===== Given data
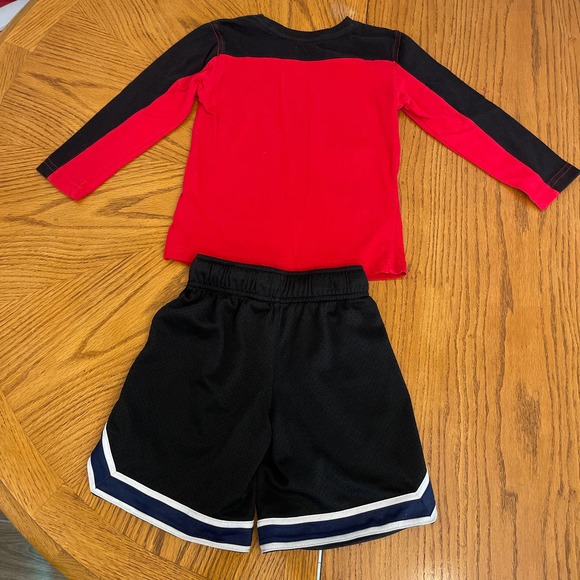 Disney and OshKosh Boys Outfit Sz 5T gently used - Picture 7 of 7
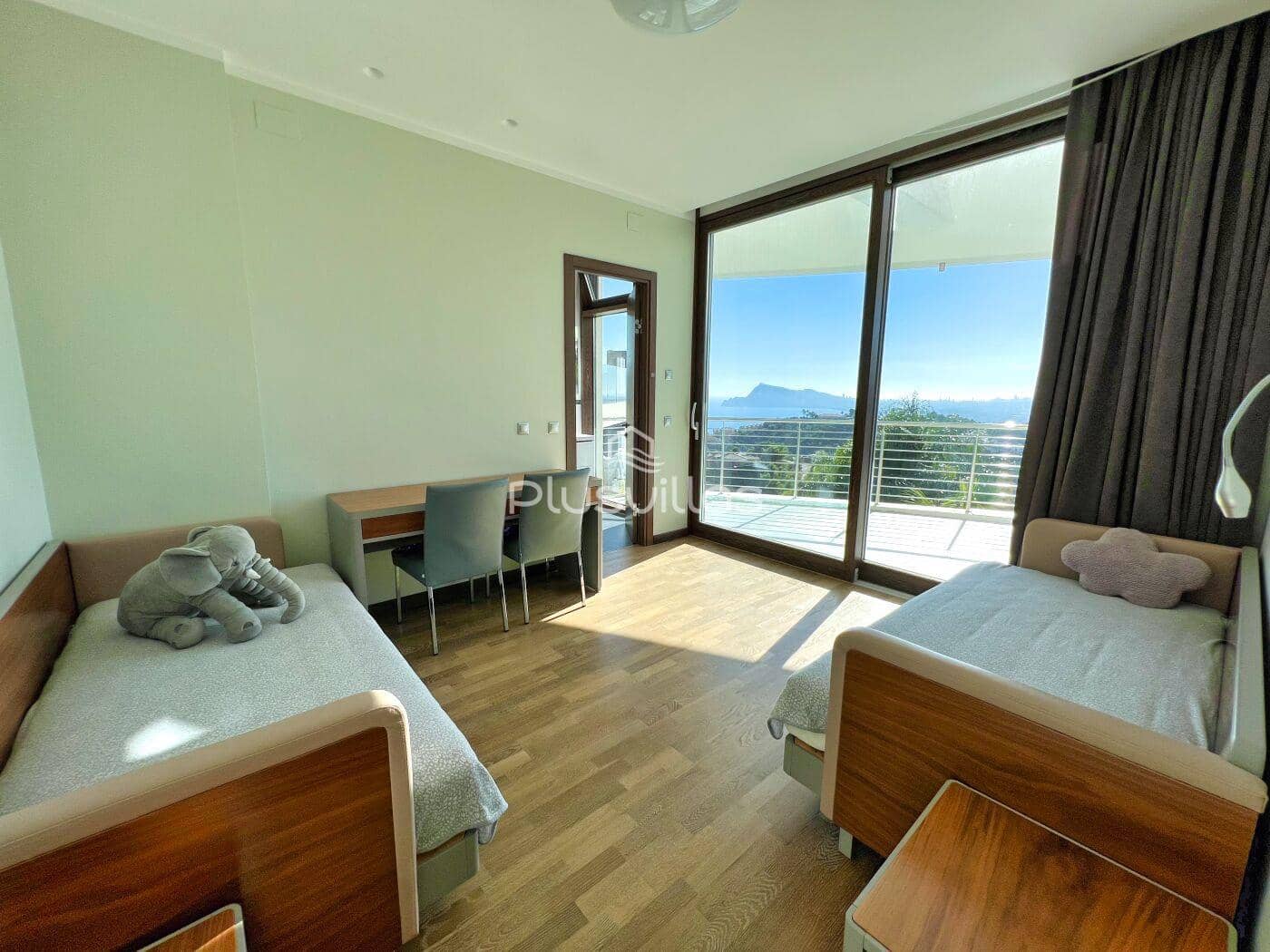 5 chambre Villa/Maison à vendre à Altea avec piscine - 2 480 000 € (Ref: 7455431)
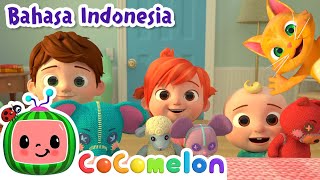 Download Lagu Lima Hewan Kecil CoComelon Indonesia Lagu Anak Ana... MP3 Gratis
==========
# Problem details
Could you restate the material word for word, omitting the pictures?

# Written reply
 Disney and OshKosh Boys Outfit Sz 5T gently used - Picture 7 of 7
 5 chambre Villa/Maison à vendre à Altea avec piscine - 2 480 000 € (Ref: 7455431)
 Download Lagu Lima Hewan Kecil CoComelon Indonesia Lagu Anak Ana... MP3 Gratis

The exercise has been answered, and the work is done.